As pertinent to this appeal, petitioners are minor siblings and natives and citizens of El Salvador. They attempted to enter the United States illegally in 2014, but were stopped at a border crossing. They were each issued a notice to appear that charged them with being removable because they were present in the United States without being admitted or paroled.1 At a subsequent hearing in front of the IJ to determine their status, they admitted the Department of Homeland Security’s (“DHS”) allegations of illegality and conceded removability. Thereafter, they filed applications for asylum, withholding of removal, and relief under the Convention Against Torture (“CAT”). Their applications were denied, and they were ordered removed to El Salvador. Petitioners then appealed to the BIA.

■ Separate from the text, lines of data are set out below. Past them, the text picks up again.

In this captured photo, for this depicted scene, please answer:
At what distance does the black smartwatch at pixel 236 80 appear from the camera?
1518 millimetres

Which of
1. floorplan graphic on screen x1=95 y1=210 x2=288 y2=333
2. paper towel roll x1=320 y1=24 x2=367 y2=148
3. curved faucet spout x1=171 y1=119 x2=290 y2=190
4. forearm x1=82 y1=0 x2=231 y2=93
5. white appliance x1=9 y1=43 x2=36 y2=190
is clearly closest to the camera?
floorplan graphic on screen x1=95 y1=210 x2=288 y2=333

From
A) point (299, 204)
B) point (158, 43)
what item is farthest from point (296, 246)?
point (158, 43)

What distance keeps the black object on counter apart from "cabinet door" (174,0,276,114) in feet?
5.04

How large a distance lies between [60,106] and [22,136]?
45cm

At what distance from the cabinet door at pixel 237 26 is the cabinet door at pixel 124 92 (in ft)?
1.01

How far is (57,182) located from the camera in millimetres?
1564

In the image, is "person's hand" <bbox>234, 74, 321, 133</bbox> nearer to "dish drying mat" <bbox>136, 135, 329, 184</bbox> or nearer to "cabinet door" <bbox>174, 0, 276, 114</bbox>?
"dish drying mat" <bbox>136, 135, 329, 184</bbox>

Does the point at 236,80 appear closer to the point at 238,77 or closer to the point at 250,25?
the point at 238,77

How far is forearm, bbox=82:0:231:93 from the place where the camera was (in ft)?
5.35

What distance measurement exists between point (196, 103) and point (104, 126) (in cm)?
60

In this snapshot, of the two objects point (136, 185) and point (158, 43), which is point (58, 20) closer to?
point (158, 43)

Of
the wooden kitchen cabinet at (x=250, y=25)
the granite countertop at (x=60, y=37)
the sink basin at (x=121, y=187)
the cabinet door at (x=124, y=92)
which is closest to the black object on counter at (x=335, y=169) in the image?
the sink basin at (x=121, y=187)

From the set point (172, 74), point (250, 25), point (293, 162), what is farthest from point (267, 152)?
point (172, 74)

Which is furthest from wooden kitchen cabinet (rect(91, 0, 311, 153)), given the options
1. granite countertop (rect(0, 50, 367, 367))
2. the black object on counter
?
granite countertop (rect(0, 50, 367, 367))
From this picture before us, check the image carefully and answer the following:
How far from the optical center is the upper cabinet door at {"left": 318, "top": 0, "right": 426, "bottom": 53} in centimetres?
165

While their appeal was pending, petitioners’ mother filed a U visa petition for herself, as well as petitions for the children to obtain derivative U visa status.2 Petitioners also filed applications for a waiver of inadmissibility with USCIS for advance permission to enter the United States, pursuant to 8 U.S.C. § 1182(d)(3)(A).3 Subsequently, petitioners filed with the BIA a motion to remand to allow the IJ to consider whether to waive their inadmissibility and to then grant a continuance in their removal proceedings while USCIS adjudicated their U visa petitions.

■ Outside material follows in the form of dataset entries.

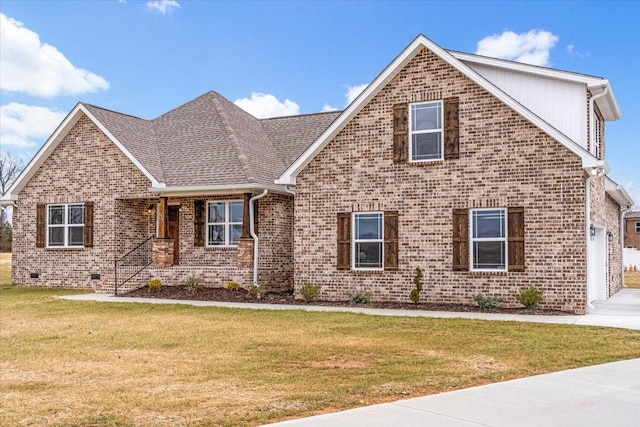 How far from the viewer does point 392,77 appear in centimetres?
1781

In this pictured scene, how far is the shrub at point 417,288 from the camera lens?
664 inches

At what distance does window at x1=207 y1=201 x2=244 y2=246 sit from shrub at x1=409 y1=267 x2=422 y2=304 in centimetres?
725

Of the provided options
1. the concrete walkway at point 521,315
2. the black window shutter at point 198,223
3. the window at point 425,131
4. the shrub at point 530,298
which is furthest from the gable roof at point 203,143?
the shrub at point 530,298

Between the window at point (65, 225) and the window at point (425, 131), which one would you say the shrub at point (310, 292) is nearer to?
the window at point (425, 131)

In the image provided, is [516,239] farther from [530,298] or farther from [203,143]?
[203,143]

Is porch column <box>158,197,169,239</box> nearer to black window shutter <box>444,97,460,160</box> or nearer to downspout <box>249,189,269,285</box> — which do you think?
downspout <box>249,189,269,285</box>

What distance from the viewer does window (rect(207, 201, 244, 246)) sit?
72.7ft

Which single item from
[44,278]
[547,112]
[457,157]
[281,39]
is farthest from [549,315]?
[44,278]

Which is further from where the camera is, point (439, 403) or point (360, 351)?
point (360, 351)

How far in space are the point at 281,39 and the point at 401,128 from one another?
930cm

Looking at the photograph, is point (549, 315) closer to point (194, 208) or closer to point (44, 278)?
point (194, 208)

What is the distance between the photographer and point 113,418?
6.48m

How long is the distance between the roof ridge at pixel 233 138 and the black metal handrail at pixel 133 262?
4.59m

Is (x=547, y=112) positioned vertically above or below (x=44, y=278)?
above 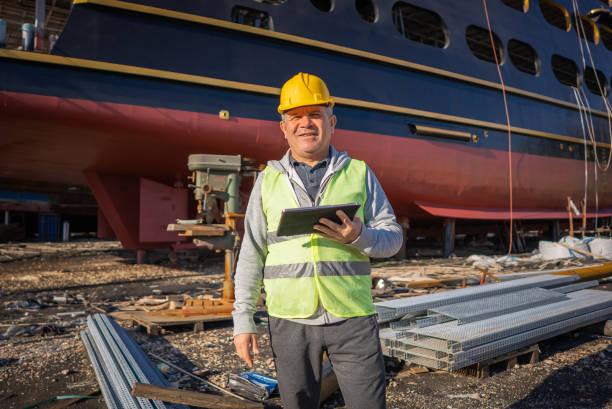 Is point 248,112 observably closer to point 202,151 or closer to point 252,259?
point 202,151

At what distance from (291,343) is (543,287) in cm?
414

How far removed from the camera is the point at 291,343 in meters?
1.52

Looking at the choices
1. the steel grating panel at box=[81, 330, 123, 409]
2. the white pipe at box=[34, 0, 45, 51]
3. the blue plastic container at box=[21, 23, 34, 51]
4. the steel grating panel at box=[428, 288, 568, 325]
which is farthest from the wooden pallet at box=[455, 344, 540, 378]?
the white pipe at box=[34, 0, 45, 51]

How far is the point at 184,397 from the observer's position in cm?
193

The BIA affirmed the IJ’s denial of the petitioners’ applications for asylum, withholding of removal, and CAT relief, and denied their motion to remand. In denying the motion to remand, the BIA reasoned that reopening of the proceedings was not warranted because petitioners had not established that “the collateral matter, the adjudication of a petition for U nonimmigrant status, and the Immigration Judge’s adjudication of their request for a waiver of inadmissibility, would likely change or materially affect the outcome of their removal proceedings.” Furthermore, the BIA stated that petitioners were not precluded from seeking a U visa from USCIS. The BIA further concluded that, as USCIS has sole jurisdiction over petitions for U visas, remand was not warranted because petitioners could file their applications for waivers of inadmissibility with USCIS. Petitioners timely appealed.4
Courts generally look at the substance of a motion to remand to determine how it should be treated on appeal. Najjar v. Ashcroft, 257 F.3d 1262, 1301 (11th Cir. 2001). “[I]f a motion to remand seeks to introduce evidence that has not been previously presented, it is generally treated as a motion to reopen[.]” Id. Because the petitioners moved for remand so that the IJ could consider new evidence not previously presented—whether to waive their inadmissibility under 8 U.S.C. § 1182(d)(3)(A) and to grant a continuance in their removal proceedings while USCIS adjudicated their U visa petition—we scrutinize their motion as a motion to reopen. See id.
“The moving party bears a heavy burden, as motions to reopen are disfavored, especially in removal proceedings.” Zhang v. U.S. Att’y Gen., 572 F.3d 1316, 1319 (11th Cir. 2009) (internal citations omitted) (citing I.N.S. v. Doherty, 502 U.S. 314, 323, 112 S.Ct. 719, 116 L.Ed.2d 823 (1992)). Thus, the movant “must ‘present[ ] evidence of such a nature that the [BIA] is satisfied that if proceedings before the [IJ] were reopened, with all attendant delays, the new evidence offered would likely change the result in the case.’ ” Ali v. U.S. Att’y Gen., 443 F.3d 804, 813 (11th Cir. 2006) (quoting In re Coelho, 20 I. & N. Dec. 464, 473 (BIA 1992)) (alterations in original).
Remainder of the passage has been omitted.